### DATASET:
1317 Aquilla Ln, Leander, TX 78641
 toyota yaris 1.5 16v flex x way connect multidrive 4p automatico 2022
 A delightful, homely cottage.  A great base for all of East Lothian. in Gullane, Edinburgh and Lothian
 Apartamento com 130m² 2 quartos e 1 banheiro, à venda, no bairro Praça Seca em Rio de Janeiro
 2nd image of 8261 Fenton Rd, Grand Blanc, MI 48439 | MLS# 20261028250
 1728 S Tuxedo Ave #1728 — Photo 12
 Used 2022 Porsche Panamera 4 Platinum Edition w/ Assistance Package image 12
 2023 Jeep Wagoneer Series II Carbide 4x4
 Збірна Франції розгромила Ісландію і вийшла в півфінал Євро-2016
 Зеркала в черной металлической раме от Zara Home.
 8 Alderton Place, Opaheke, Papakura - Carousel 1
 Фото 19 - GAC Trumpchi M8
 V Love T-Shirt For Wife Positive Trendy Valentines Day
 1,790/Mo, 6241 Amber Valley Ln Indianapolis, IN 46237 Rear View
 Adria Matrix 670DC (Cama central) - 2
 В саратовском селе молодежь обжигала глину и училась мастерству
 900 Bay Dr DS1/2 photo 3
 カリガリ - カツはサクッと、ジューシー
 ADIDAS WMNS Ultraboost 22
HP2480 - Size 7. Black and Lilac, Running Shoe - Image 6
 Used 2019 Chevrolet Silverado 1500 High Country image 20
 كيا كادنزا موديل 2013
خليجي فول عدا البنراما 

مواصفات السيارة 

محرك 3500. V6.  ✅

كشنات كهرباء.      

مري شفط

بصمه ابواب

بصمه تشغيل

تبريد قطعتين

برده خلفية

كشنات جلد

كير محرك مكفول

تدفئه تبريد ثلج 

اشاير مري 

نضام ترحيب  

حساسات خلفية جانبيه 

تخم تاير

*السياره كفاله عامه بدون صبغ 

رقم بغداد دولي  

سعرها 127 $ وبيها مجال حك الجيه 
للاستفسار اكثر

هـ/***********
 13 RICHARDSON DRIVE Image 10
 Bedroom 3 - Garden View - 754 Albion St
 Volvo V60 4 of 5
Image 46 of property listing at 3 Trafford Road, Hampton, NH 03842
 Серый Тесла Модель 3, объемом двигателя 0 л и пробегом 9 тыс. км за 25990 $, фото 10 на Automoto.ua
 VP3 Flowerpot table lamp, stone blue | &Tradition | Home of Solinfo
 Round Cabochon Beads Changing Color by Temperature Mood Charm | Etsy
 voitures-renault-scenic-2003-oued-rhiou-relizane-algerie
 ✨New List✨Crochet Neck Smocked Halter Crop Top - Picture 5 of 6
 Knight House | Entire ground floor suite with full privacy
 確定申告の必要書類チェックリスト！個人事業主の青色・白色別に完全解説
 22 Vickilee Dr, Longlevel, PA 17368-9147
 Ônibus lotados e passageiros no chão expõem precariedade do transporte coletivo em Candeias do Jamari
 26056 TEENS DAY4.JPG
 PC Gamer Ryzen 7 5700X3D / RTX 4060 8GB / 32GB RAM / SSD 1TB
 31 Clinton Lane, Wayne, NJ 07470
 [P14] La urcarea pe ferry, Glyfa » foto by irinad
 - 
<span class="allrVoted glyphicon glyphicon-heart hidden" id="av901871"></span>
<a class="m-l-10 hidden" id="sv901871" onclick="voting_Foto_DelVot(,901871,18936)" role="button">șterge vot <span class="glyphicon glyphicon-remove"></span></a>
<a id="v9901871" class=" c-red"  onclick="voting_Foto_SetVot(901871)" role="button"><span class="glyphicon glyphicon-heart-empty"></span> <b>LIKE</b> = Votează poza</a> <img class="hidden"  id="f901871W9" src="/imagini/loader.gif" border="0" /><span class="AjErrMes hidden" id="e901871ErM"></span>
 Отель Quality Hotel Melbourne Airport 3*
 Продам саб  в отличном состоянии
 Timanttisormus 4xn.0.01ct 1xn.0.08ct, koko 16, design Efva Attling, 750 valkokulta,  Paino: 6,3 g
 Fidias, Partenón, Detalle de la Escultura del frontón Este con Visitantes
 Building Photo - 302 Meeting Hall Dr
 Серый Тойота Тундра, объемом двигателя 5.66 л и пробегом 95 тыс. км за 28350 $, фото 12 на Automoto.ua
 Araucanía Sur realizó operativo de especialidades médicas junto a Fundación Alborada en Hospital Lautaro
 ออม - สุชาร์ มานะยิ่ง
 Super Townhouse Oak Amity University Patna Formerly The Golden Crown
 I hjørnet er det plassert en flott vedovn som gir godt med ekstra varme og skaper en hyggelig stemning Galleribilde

### TASK:
Within the records above, determine the number of lines that hold the word "hidden" and return only that value.

### TASK OUTPUT:
3